The case of the day is Baek v. Radish Media, Inc. (C.D. Cal. 2018). Radish “provides a meeting place for fiction readers seeking unique content and writers with fresh voices on human issues looking to reach people outside of the traditional publishing house model.” I’m not sure what this means, but it sounds a bit like the Manutius publishing house from Foucault’s Pendulum. Anyway, Paul Baek sued Seung Yoon Lee, a South Korean resident, who was the CEO of Radish, apparently for wrongful termination, though the claim isn’t entirely clear. Baek brought his claim in the California state court. Baek served process by mailing the summons to Radish’s office in New York. The defendants then removed the case to federal court, and Lee moved to dismiss for insufficient service of process.

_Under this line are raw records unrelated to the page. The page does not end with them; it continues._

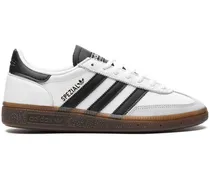 Handball Spezial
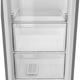 Морозильна камера Beko RFNM200T40SN (7232192) - изображение 10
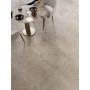 ABK POÉSIE PIERRE PIRENEI ECRU 60X120 RETT
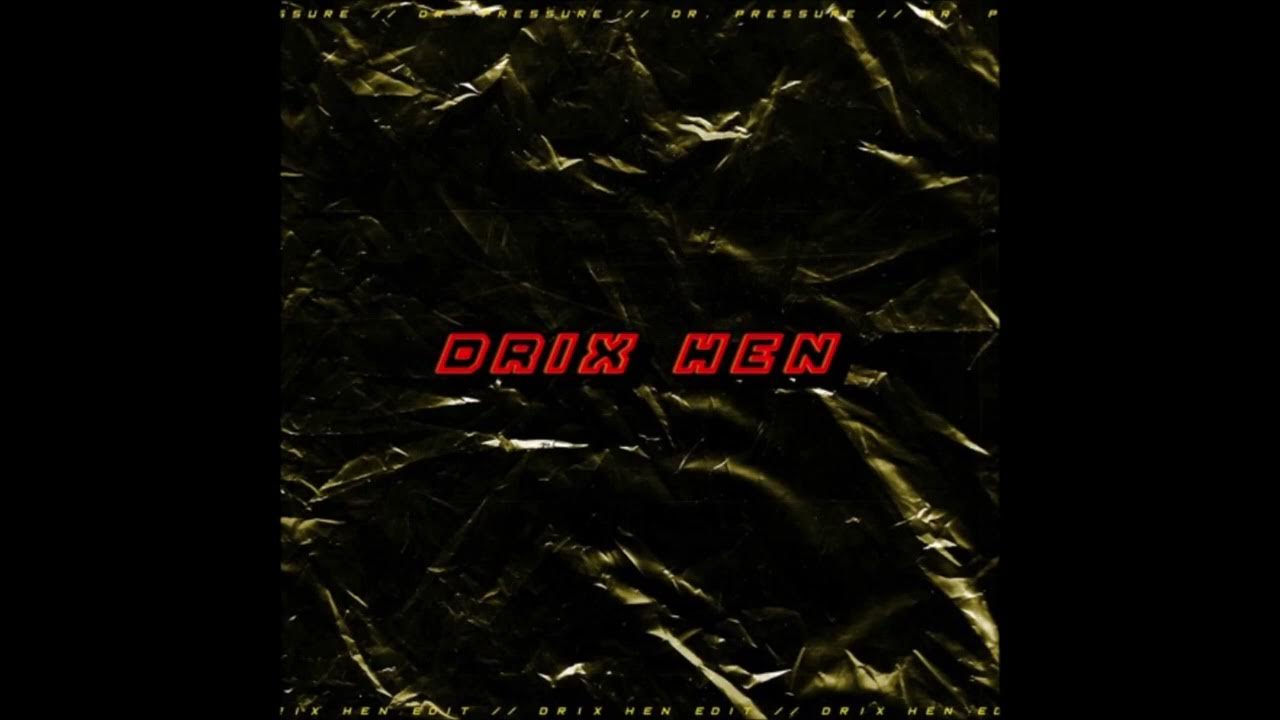 Mylo and Miami Sound Machine Dr.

The court quashed the service. Its discussion is confused. The decision seems to suggest that the service was bad because Baek had to serve process under the Hague Service Convention. But this is to suggest that the Convention is (in the parlance of the Hague Conference) mandatory. In fact, it is exclusive but non-mandatory: it applies only when the summons is to be transmitted abroad. Here, the summons was not transmitted abroad, so the real question is whether the service was sufficient under California law—a question the judge doesn’t really address.
In other words: you can say that service is bad because it violates the Convention if the plaintiff attempted to send the summons abroad in a forbidden way, but not if the plaintiff attempted to serve the defendant by delivering the summons to some recipient in the United States. The Convention has to do with the place where the service is made, not the place where the defendant resides or is found.
All this said, it may well be that the decision is correct. It’s not clear that California law would allow service on a foreign national by delivering the documents to the US office of a business with which he’s associated but that is (apparently) not his usual place of business.